Combat is usually slow and methodical where every move the players make can carry enormous consequences, whether it’s the armor and weapons they’re using, their positioning behind terrain or within environmental hazards, or their skills and stats. And because looting and meeting quirky characters are so central to the Fallout experience, random encounters and item scavenging opportunities will pop up to give some much needed narrative context for one’s actions.
But the star of the show with Fallout Wasteland Warfare is Settlement Mode, an optional rule set that allows players to build and upgrade a base over time which gives them access to new perks and equipment, and allows for progression over time so longer campaigns can be coordinated. This mode really sets the game apart from others like it, and helps fulfill the fantasy of surviving and thriving within the post-apocalyptic wasteland of Fallout.
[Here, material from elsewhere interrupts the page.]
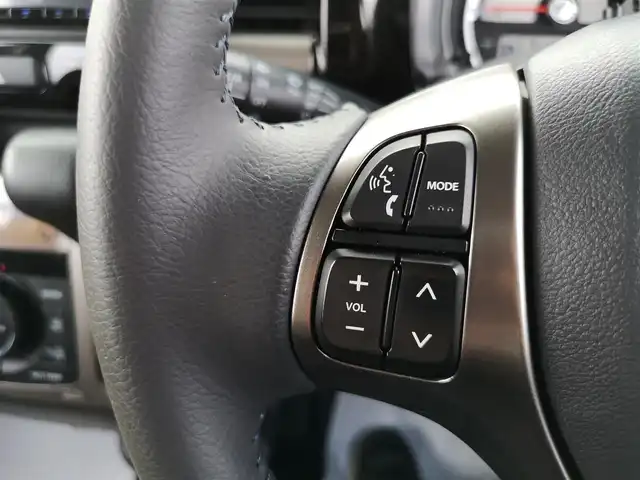 スズキ ハスラー Jスタイル Ⅱ 茨城県 2017(平29)年 5.8万km クールカーキパールメタリック/ホワイト2トーンルーフ 社外ナビ/【iPod・USB・SD・DISC・TV・ラジオ・BT】/シートヒーター/ルーフレール/アイドリングストップ/Bカメラ/ETC/ステリモ/オートライト/Fフォグ/キセノンライト/純正フロアマット/純正アルミホイール/横滑り防止装置/レーンキープアシスト/衝突被害軽減システム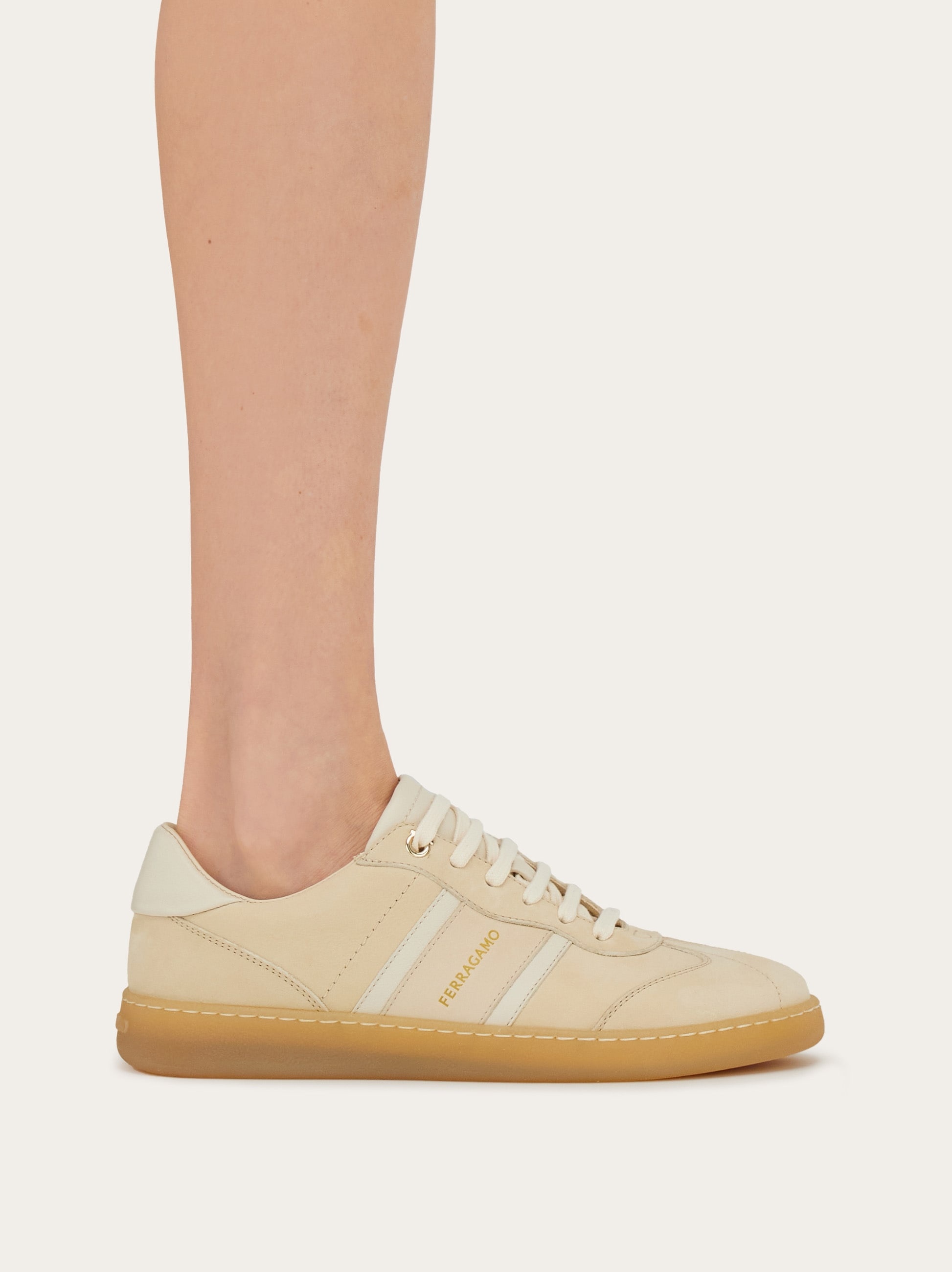 Low-top sneaker with logo - 3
Fallout Wasteland Warfare: Roleplaying Game
Though it’s advertised as a standalone RPG, Fallout Wasteland Warfare: Roleplaying Game is incredibly bare bones without the larger miniature game as its companion. As the name implies, this RPG focuses very heavily on warfare and treats roleplaying as an afterthought. Less than 15 pages of the book are dedicated to the world of Fallout itself, and practically zero of the game’s mechanics are geared towards anything other than aiming down the barrel of a gun. There are, for example, no rules for social encounters or mechanics for non-combat situations, which are some of my favorite parts of the Fallout franchise.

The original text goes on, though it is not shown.